Eu me sinto em paz na companhia dele. Eu conto as horas para contar pra ele sobre aquele filme maneiro que eu assisti, ou sobre como me senti bem durante o dia. É uma pecinha de encaixe preenchendo um lugar vago aqui dentro. Dividindo espaço com meus sentimentos, meus pensamentos, minhas tristezas e minhas alegrias, com quem eu sou. Uma peça que não aperta, não soprepõe, apenas se encaixa.
Eu fico aqui pensando se ele estava confortável na poltrona do ônibus, se chegou bem, se está com fome, se o perfume ainda recende. Penso se ele pensa em mim.
Eu ainda não sei o nome disso que me liga a ele. Ainda não sei se é forte, se dura, se vale. Mas eu penso nisso com uma calma e com uma alegria, que talvez não importe ainda o que seja. Importa que me faz bem.
Eu quero me manter assim, e tentar fazer minha cara de séria enquanto meu subconsciente grita: "não morde essa boca, guri, que assim tu me deixa sem graça e me faz perder o restinho de juízo que ainda tenho."

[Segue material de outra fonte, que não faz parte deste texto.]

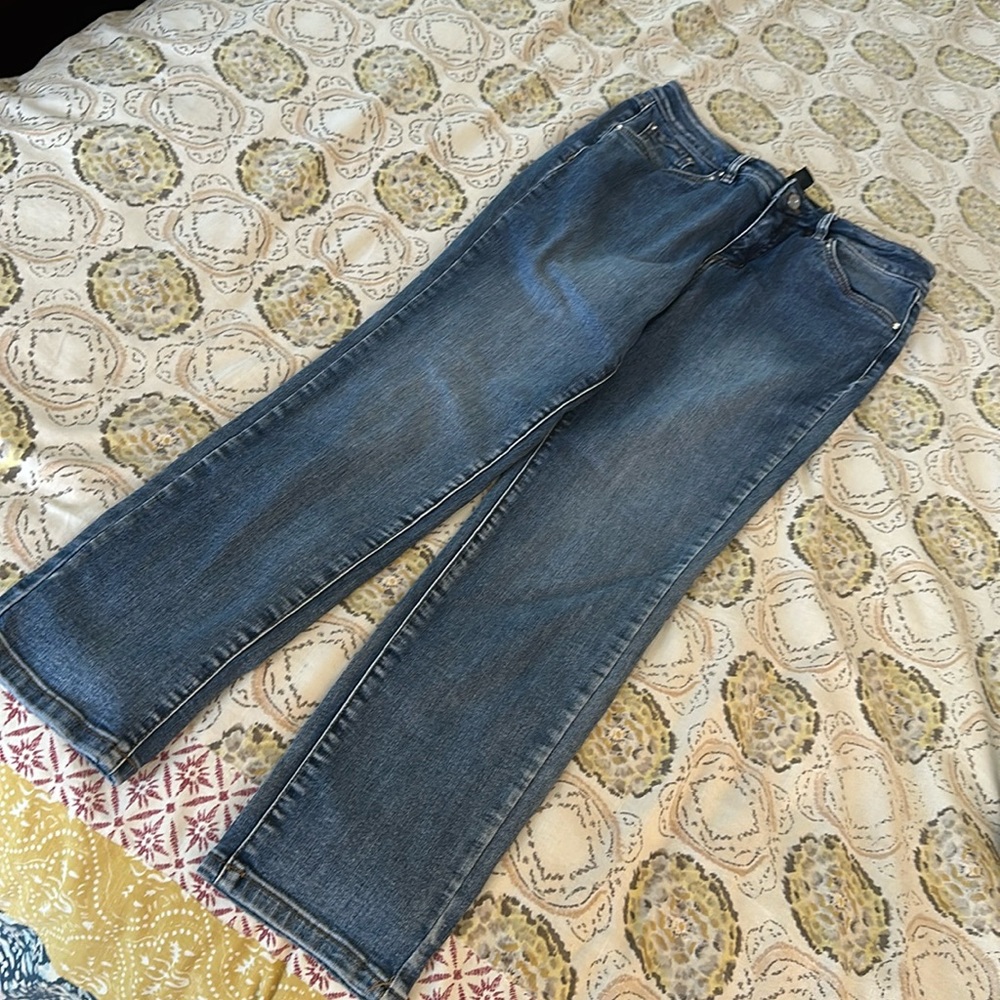 Joseph Ribcoff Denim jeans. Stretch. Size 10 great fit and in great condition.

Eu me sinto uma pessoa normal, ou talvez quase.
Eu me sinto uma nova pessoa, cheia de outros desejos e outras prioridades, posso sorrir novamente, e, acredite, eu tenho paz. Ainda me apetece um vazio e algumas crises raras, mas eu posso sentir o cheiro da tranquilidade, o cheiro mais suave e ainda assim o mais forte do mundo. Porque a força da tranquilidade move, me leva pra frente, me faz caminhar com calma e chegar inteira aonde quero chegar. A tranquilidade me faz levantar em dias em que normalmente eu me largaria à míngua.
Eu faço o que eu quero fazer, sem o velho hábito de competir ou agradar ou provar que sou boa o suficiente. Eu sou boa o suficiente para mim, isso basta. Eu me divirto com o que quero me divertir, e que seja um filme bobo ou uma reunião de velhos amigos, tudo contêm o mesmo valor. Hoje sei que não provo força me forçando a aceitar a hiprocrisia dos velhos bares e aparências falsas. Hoje sei que sou forte quando faço o que me faz bem.

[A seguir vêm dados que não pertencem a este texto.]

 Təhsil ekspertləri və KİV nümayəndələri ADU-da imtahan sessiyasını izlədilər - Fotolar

Eu me sinto uma pessoa quase normal. E isso é um elogio que adoro me fazer, porque no fundo ser normal é muito chato!

Era sexta feira, e eu permanecia estática no sofá de uma sala que não era a minha, rodeada de amigos que não pareciam meus. Talvez não fossem. Eu tinha que me controlar e fingir que estava tudo bem. Tinha que conter as lágrimas enquanto aquela maldita queimação no estômago me torturava.
Eu tinha que fingir que tudo era natural, que nada mais me abalava, independente do quanto estava destruída por dentro ou do quanto meu último romance fracassado ainda mexia comigo. Tinha que fingir que não tinha estado no inferno no último ano. Eu queria uma maneira de fugir de tudo e quanto mais tentava, mais estava cercada por toda aquela dor e aquelas histórias cheias de angústia. Talvez ainda estivesse no inferno. Talvez.

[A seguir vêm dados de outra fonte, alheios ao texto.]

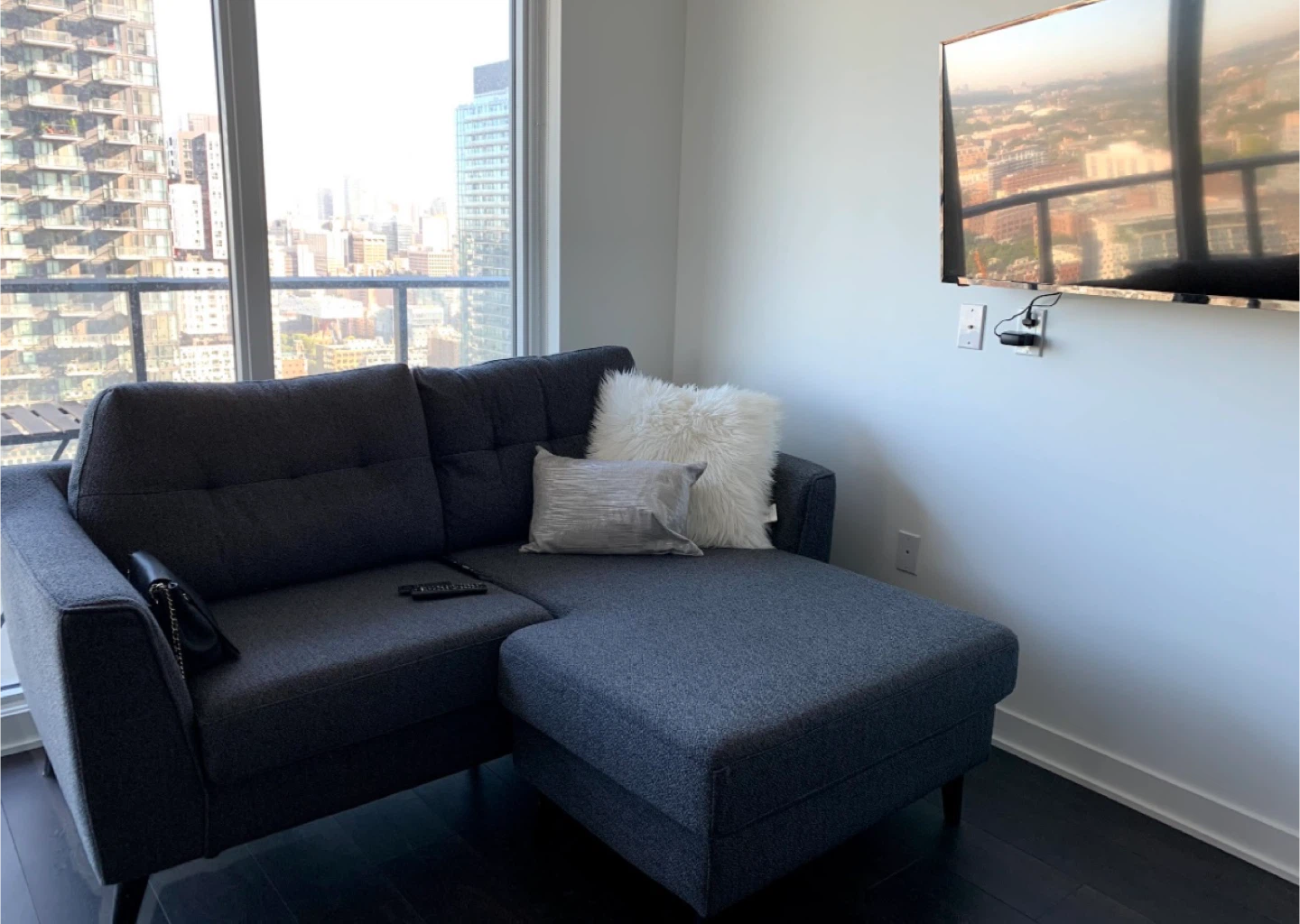 Structube Sirine Sectional Sofa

Por mais longe que eu parecesse estar, doía. Todas as feridas ainda sangravam, e eu tinha que estampar aquele velho sorriso amarelo e fingir que tudo estava em paz.
O estômago ainda queimava, e quanto mais apertado me parecia o coração, mais sorria. Um sorriso sem cor, sem emoção, enquanto respondia mecanicamente à qualquer pergunta e parecia um pouco ausente à qualquer assunto, mas sorria, era o que importava. Sorrindo não haviam questionamentos.
Mas continuava tentando; eu voltava pra casa com o mesmo sorriso amarelo e dormia ainda com ele. Eu tentava esquecer de tudo que vivi. Talvez eu ainda conseguisse, só não sabia ainda.

Era claro como tentar calçar um sapato que não nos serve mais: a angústia;
Não encaixava, não fazia parte, tirava tudo do eixo. Machucava. Doía o calo antigo. Arrancava as cascas das feridas que começavam a cicatrizar. Mas que diabos aquele sapato ainda fazia no guarda-roupas?
Era claro como tirar um sapato que machuca: o alívio.
Eu coloquei com cuidado o sapato gasto no lixo. Os pés, livres, no chão. Sei que novamente os dedos iriam doer por um curto tempo, mas as cicatrizes me lembrariam que agora preciso encontrar algo do meu tamanho. Algo que não doa, que não sufoque, que não angustie.
A sola dos pés sentia o frio do piso, era incrível.
Acho que as vezes os pés - e o coração - precisam pisar no chão pra se libertar.